Coffee has become ubiquitous. This is easy to take for granted, but it’s only a recent development. Before the 20th century, you wouldn’t expect just any restaurant or household to have coffee to serve. Because of its recent global boom, the coffee world has had many branches as it adjusts to demand and settles into a role in our daily lives. 

One of these branches is big coffee—commodity coffee—which is bought and sold by huge companies to maximize uniformity and profit. The branch that we inhabit, and that most excites us, is specialty coffee that comes from small holder farms. The difference between the two is stark, both in the taste of the coffee and in the people who grow, harvest, process, roast, brew, and drink it.

Where specialty coffee is grown, great pride and care is taken in selecting ripe cherries, and processing those cherries to highlight the natural beauty of that coffee and its environment. These small (and often family owned and operated) farms devote their attention to growing the best possible coffee trees, whereas big coffee’s only concern is maximizing production.

By prioritizing transparency, small lot farmers earn enough to make meaningful improvements to their families’ lives.
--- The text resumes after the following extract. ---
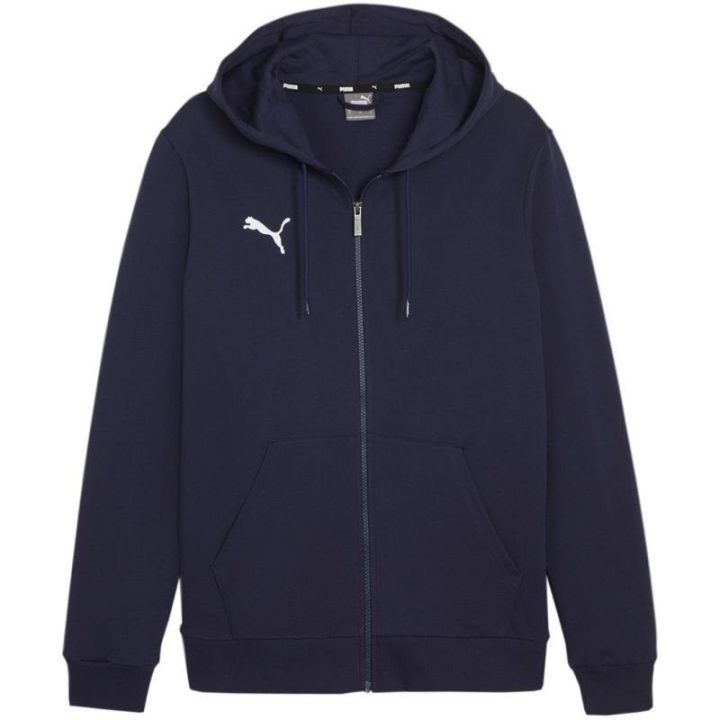 Vyriškas džemperis su gobtuvu Puma Team Goal Casuals, tamsiai mėlynas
In some cases, the new infrastructure that aids in coffee production also brings benefits to the whole community, such as more accessible water. Furthermore, many of the co-ops that process the the coffee we purchase are continually contributing to their respective communities by building schools and providing scholarships. 

Because so much care and attention goes into cultivating great beans and quality relationships, the next logical step is to put much more care into the preparation of the coffee, so roasting is approached much differently with small holder coffee. The goal is to highlight what makes each coffee uniquely delicious. Thus light and light-toward-medium roasts become much more common, as darker roasting only serves to mask nuances in the coffee, like masking a meal with a heavy sauce.

We are massively inspired by the ways coffee is expanding in the world of specialty small-holder farms, and proud to be a part of that movement. The people involved lead better lives, the impact on the environment is more sustainable, and the coffee tastes better. Like much, much better.